Nine Pillars Hip Hop Cultural Fest, Charlottesville’s own homegrown hip hop festival, returns for its third year with more hip hop music, art, and culture than ever.
Returning for its third year, Charlottesville’s Nine Pillars Hip Hop Cultural Fest begins Monday, April 22 and continues throughout the week, closing with a block party on Sunday, April 28 at Champion Brewing. As with previous editions of the festival, the 2019 version will feature artists and acts from the Charlottesville and Central Virginia areas. However, for the first time this year, Nine Pillars is also featuring performers from outside the commonwealth.
“We started very local — Charlottesville — and we’re expanding a little bit more each time,” said Cullen Wade, one of the festival founders.
The Charlottesville festival grew from a rising community with limited resources. Hip hop artists in the city often had to fight for venues. And when they were able to book locations, they often faced up-charges due to the type of music they played.
“It was all sort of underground and didn’t really get the recognition or respect that I felt like it deserved,” Wade said of Charlottesville’s nascent hip hop scene. “There is, and was, a very serious stigma against what we do.”
The official Nine Pillars 2019 t-shirt references the struggle Charlottesville’s hip hop scene has faced, bearing the slogan “LEGALIZE HIP HOP” in black, bold letters.
The frustration this situation caused was what originally inspired Wade and other members of the local hip hop community to come together show Charlottesville what hip hop was about — for them.
“We wanted to essentially celebrate all the nine pillars of hip hop, while raising the profile of the local talent pool,” Wade said
Wade defines the nine pillars of hip hop — also called the nine elements — as: b-boying (breakdancing), MCing (rapping), graffiti art, DJing/scratching, beatboxing, street fashion, street language, street knowledge, and the entrepreneurial spirit.
The festival is designed to create an opportunity for the pillars to intersect within the eight scheduled events taking place across Charlottesville over the course of next week.
Bringing a scholarly take on the culture is the “Sally’s Kids Vol. 2” panel discussion on Wednesday at the University of Virginia.

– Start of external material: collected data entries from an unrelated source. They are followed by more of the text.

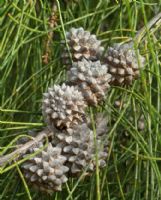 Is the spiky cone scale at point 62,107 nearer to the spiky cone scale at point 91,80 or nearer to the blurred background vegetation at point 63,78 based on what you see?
the spiky cone scale at point 91,80

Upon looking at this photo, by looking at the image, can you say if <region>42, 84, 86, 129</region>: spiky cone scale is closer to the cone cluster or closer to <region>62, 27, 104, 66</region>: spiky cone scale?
the cone cluster

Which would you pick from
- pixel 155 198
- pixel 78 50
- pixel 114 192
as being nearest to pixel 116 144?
pixel 114 192

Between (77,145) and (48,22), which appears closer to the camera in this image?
(77,145)

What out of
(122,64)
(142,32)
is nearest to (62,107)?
(122,64)

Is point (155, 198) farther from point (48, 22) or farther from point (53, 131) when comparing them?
point (48, 22)

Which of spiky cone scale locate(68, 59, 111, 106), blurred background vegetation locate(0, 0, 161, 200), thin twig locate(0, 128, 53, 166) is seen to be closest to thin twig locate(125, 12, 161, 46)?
blurred background vegetation locate(0, 0, 161, 200)

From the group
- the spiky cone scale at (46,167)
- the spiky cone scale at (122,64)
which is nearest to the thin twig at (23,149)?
the spiky cone scale at (46,167)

Moderated by UVa Professor A.D. Carson, the discussion will focus on an ongoing project: archiving the history of hip hop in Charlottesville.
The Sally’s Kids panels aim to contextualize hip-hop history as it relates to Virginia, and specifically the Charlottesville area. It is named after Sally Hemings, the enslaved woman whose children were fathered by Thomas Jefferson.
Last year’s discussion panel — the “Vol. 1” implied by the event’s title — featured two more experienced members of the Charlottesville hip hop community alongside two more youthful members in their early 20s. The discussion that ensued helped demonstrate the changes and growth of the community across generations.
This year’s Sally’s Kids panel will discuss the Black UVA experience, and what Wade calls “the complicated relationship between black Charlottesville and black UVA.” It will also cover the development of the Virginia sound — a hybrid sound pulling from multiple regions, according to Wade.
“We’re kind of halfway between old school New York … and a more southern influence,” he said. While the Virginia sound varies from region to region, all of it brings influence and style to the Charlottesville sound.
“There’s the Tidewater sound that got really big on the national level in the mid-2000s,” Wade said, citing Timbaland, Missy Elliot, and the Neptunes. “We’re also going to talk about the go-go influence creeping down from DC.”
On Thursday night, Charlottesville-based go-go band Seductive Sounds will take the stage to accompany the “Heart, Soul, Runway Fashion Show.” The Nine Pillars fashion show is taking place at the IX Art Park, a public art center built out of a warehouse in a Charlottesville industrial zone. The fashion show will be based around one of the nine pillars — street fashion. In connecting with the festival and the Charlottesville community, Wade said that attendees could expect only “local, independent, mostly black designers.”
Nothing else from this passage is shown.